● **Information provided**:
######
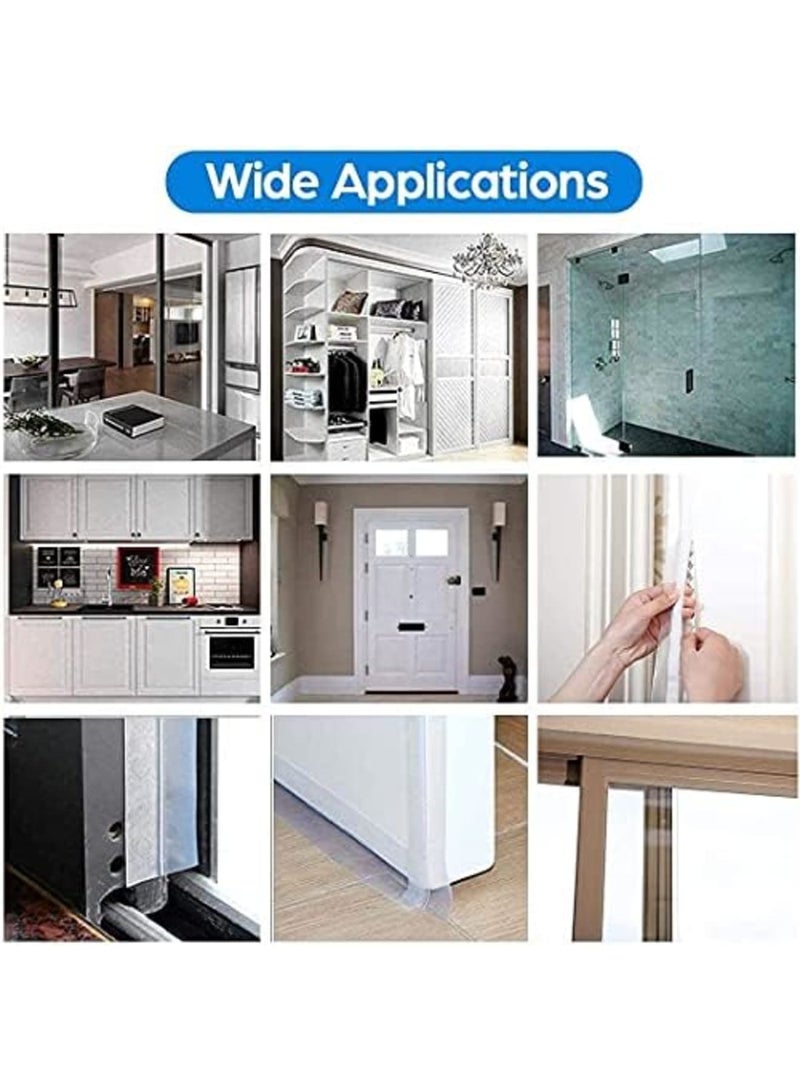 Luckam 33 Feet Door Weather Stripping, Silicone Seal Strip Window Seal Silicone Sealing Tape for Door Draft Stopper Adhesive Tape for Doors Windows and Shower Glass Gaps - 2 Rolls - Image 3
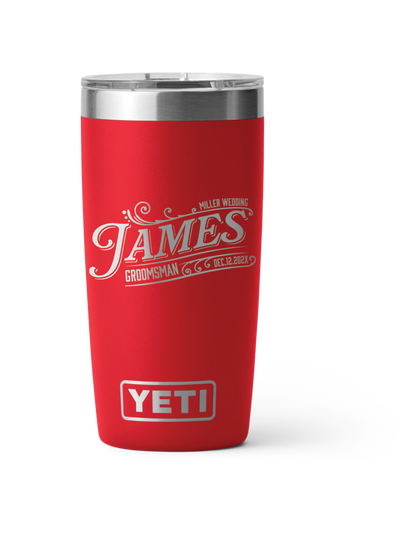 Yeti Personalized 20oz Laser Engraved Groomsman Gift for Bridal Party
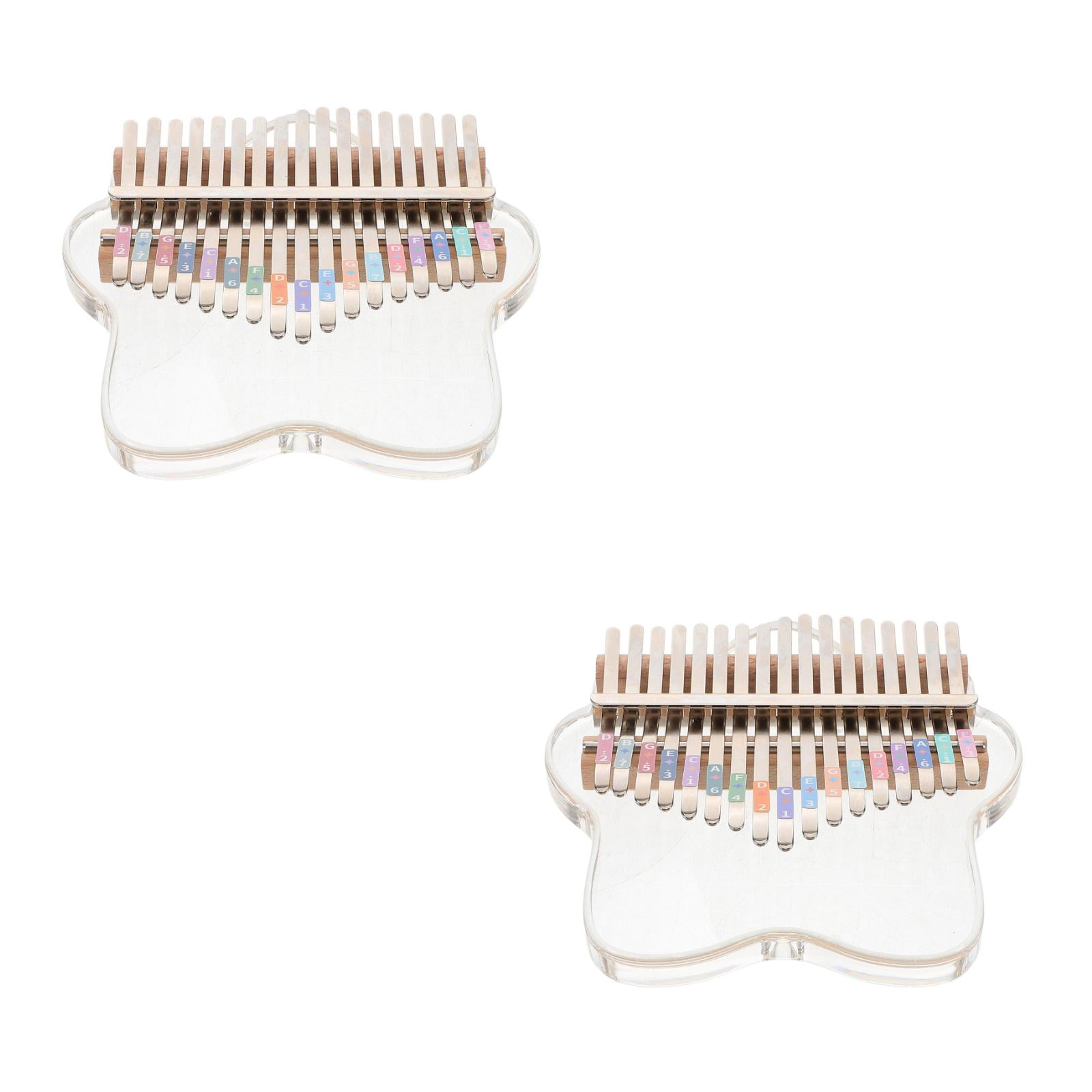 Masteelf 2pcs Acrylic Thumb Piano Transparent 17-Key Kalimba Portable Finger Piano with Tuning Hammer Delicate Carving Pattern Kalimba Exquisite Music Instrument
######
● **Exercise description**: Print the material word for word; images are to be left out.

● **Answer space**:
 Luckam 33 Feet Door Weather Stripping, Silicone Seal Strip Window Seal Silicone Sealing Tape for Door Draft Stopper Adhesive Tape for Doors Windows and Shower Glass Gaps - 2 Rolls - Image 3
 Yeti Personalized 20oz Laser Engraved Groomsman Gift for Bridal Party
 Masteelf 2pcs Acrylic Thumb Piano Transparent 17-Key Kalimba Portable Finger Piano with Tuning Hammer Delicate Carving Pattern Kalimba Exquisite Music Instrument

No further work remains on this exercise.